Serwis ten ma charakter publicystyczny, stąd nie wypełnia standardów pracy naukowej. Choć nie jestem zawodowym historykiem, lecz filologiem, to doskonale zdaję sobie sprawę z potrzeby nadania prezentowanej tu wiedzy parametrów badawczych. Jeśli tylko okoliczności mi na to pozwolą, będę czynił to sukcesywnie w formule serii książkowej.

Przewiduję, że wśród czytelników tego serwisu znajdą się osoby lepiej obeznane, potrafiące uzupełnić zaprezentowane tu przeze mnie wydarzenia o nowe fakty. Za wielce prawdopodobną, a może i nawet pewną, uznaję obecność tutaj byłych bądź wciąż czynnych uczestników rzeczonego sprzysiężenia. Apeluję do nich: sami bądź za moim pośrednictwem ujawnijcie całą prawdę o tym, czego byliście uczestnikami lub świadkami. Być może to Wasza ostatnia szansa, by zadośćuczynić Bogu i ludziom. Gwarantuję Wam całkowitą anonimowość.

Credo in Deum Patrem omnipotentem, Creatorem caeli et terrae; et in Iesum Christum, Filium eius unicum, Dominum nostrum; qui conceptus est de Spiritu Sancto, natus ex Maria Virgine; passus sub Pontio Pilato, crucifixus, mortuus, et sepultus; descendit ad inferos; tertia die resurrexit a mortuis; ascendit ad caelos, sedet ad dexteram Dei Patris omnipotentis; inde venturus est iudicare vivos et mortuos. Credo in Spiritum Sanctum; sanctam Ecclesiam catholicam, sanctorum communionem; remissionem peccatorum; carnis resurrectionem; vitam aeternam. Amen.

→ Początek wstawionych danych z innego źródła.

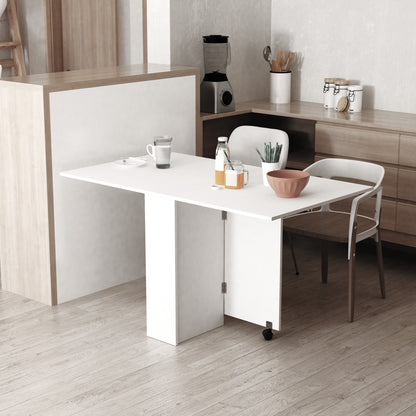Opvouwbare Eettafel – Keukentafel – Uitklapbare Tafel – Uitschuifbare Tafel – Vouwtafel – Wit – Ruimtebesparend – Gemaakt Van Spaanplaat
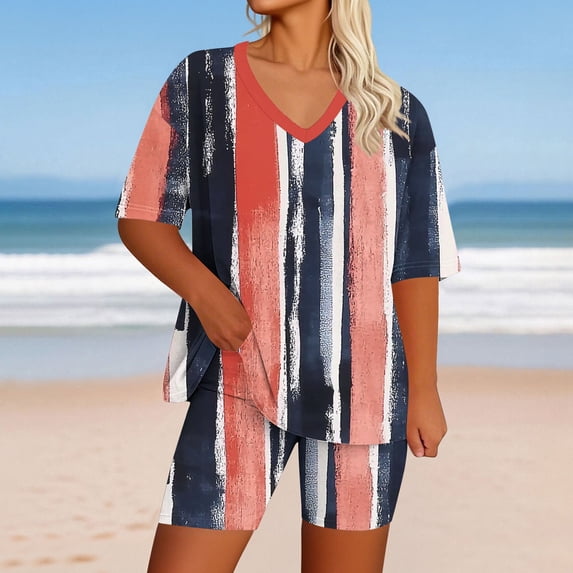 Plus Size Women’s Striped 2‑piece Outfit, V‑neck Half Sleeve Tops High Waist Biker Shorts, Casual Summer Loungewear Set Watermelon Red 4XL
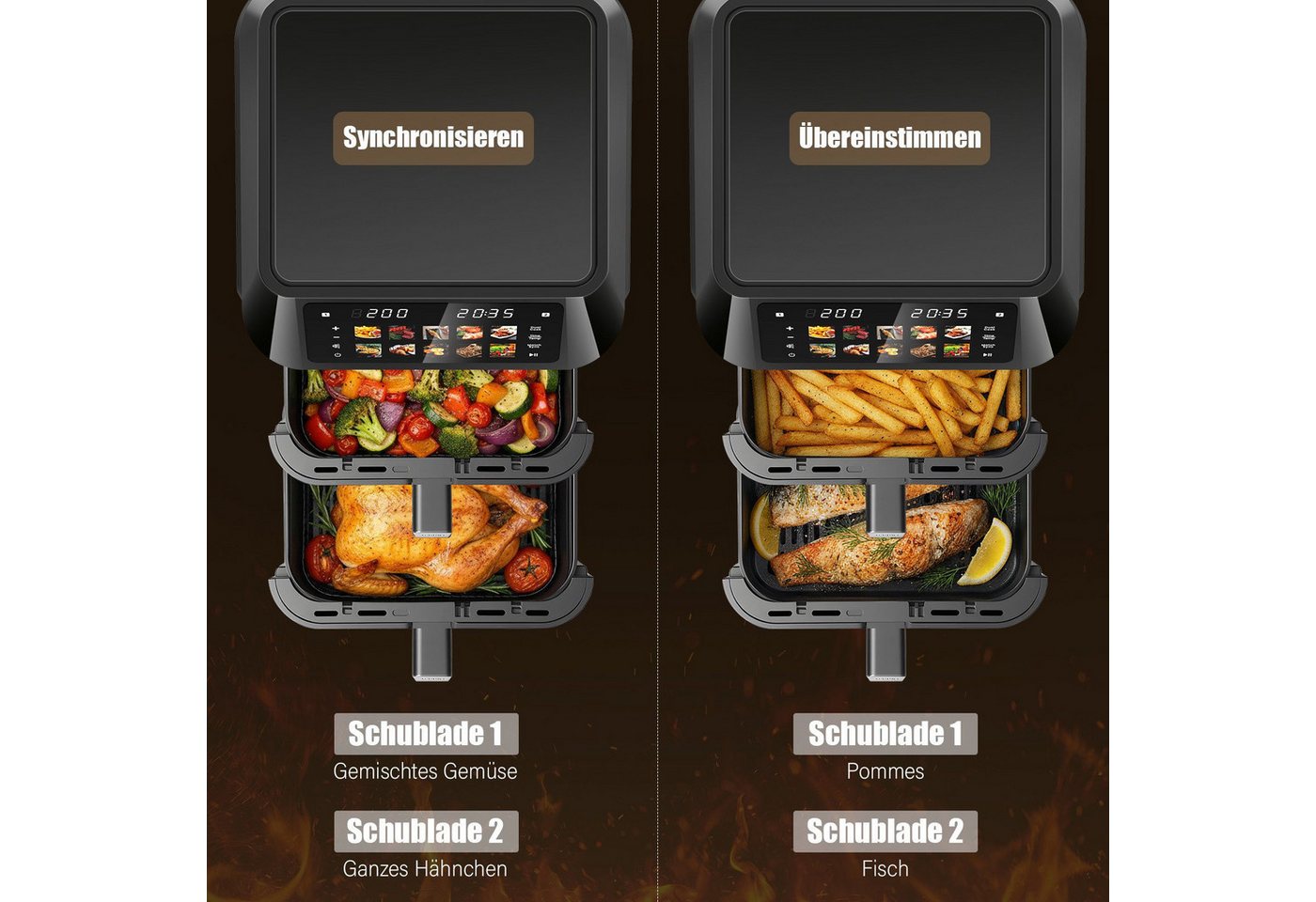 oyajia Heißluftfritteuse Airfryer XXL Dual Zone, 2 vertikale Schubladen, 10 Kochfunktionen, 2600,00 W, Heißluftfritteuse, 32% platzsparender, Sync und Match-Funktion Bild 3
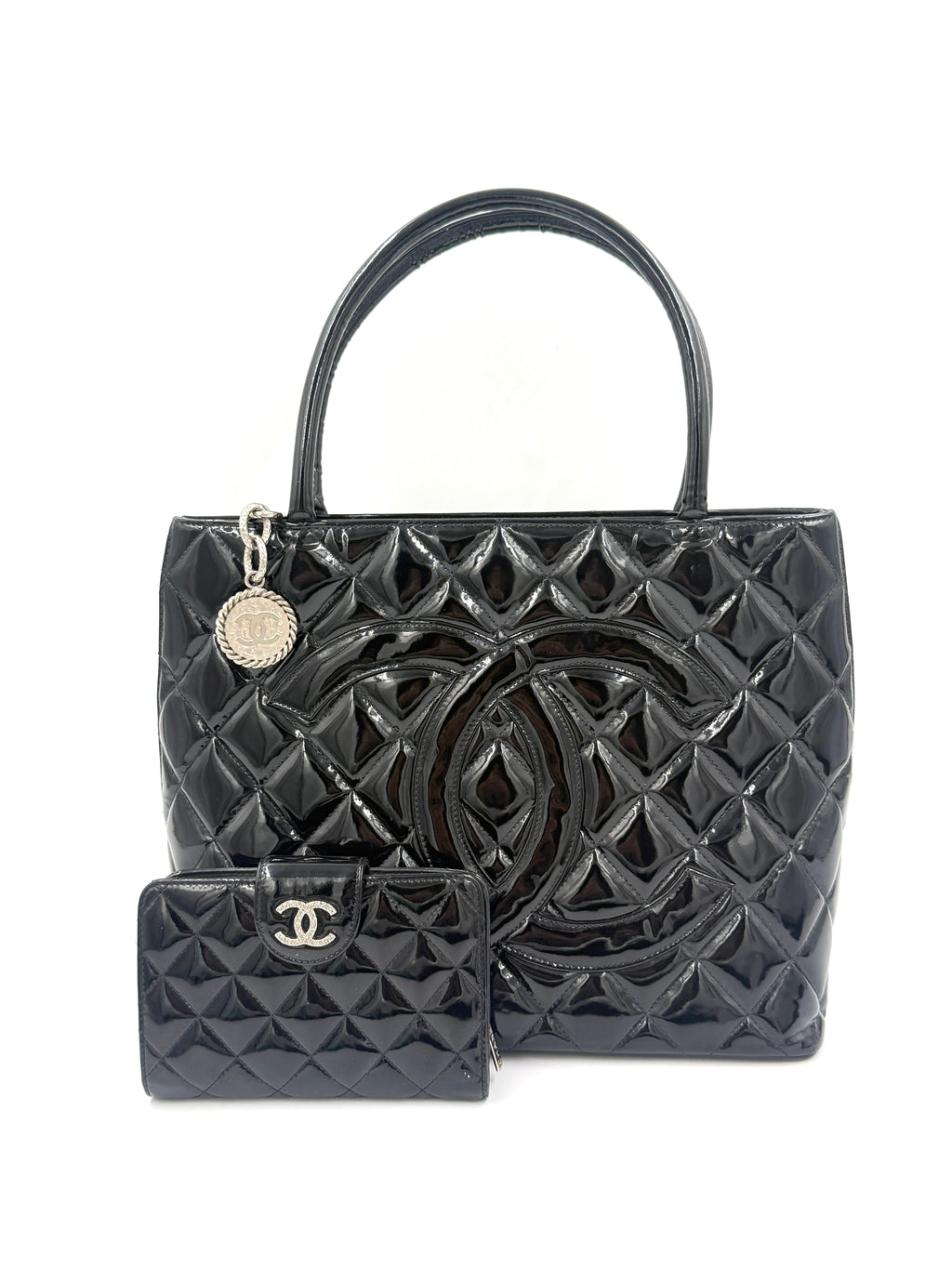 Chanel Black Quilted Patent Leather Medallion Tote Bag with Silver Hardware - Pre Owned Authentic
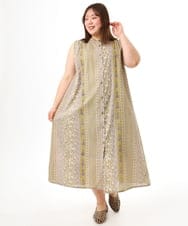 OLEFD01109 eur3(エウルキューブ) 【大きいサイズ】コットンノースリーブワンピース ライトイエロー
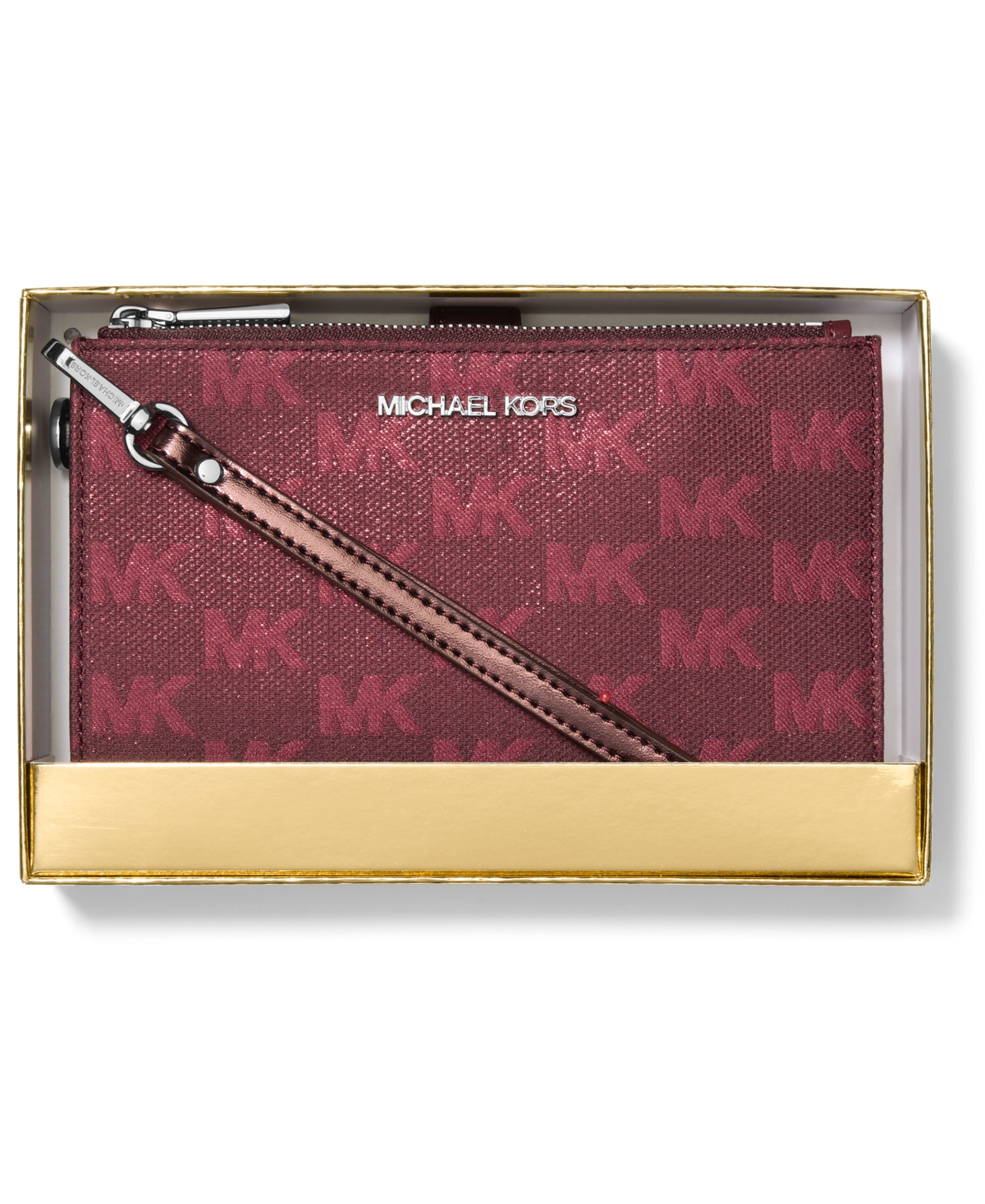 Michael Kors Women's Jet Set Double Zip Wristlet In Burgundy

Sub tuum praesidium confugimus, sancta Dei Genitrix, nostras deprecationes ne despicias in necessitatibus nostris, sed a periculis cunctis libera nos semper, Virgo gloriosa et benedicta, Domina nostra, Mediatrix nostra, Advocata nostra, Consolatrix nostra. Tuo Filio nos reconcilia, tuo Filio nos commenda, tuo Filio nos repraesenta.

Każdego, kto odwiedza to miejsce, proszę o choćby krótką modlitwę w mojej intencji.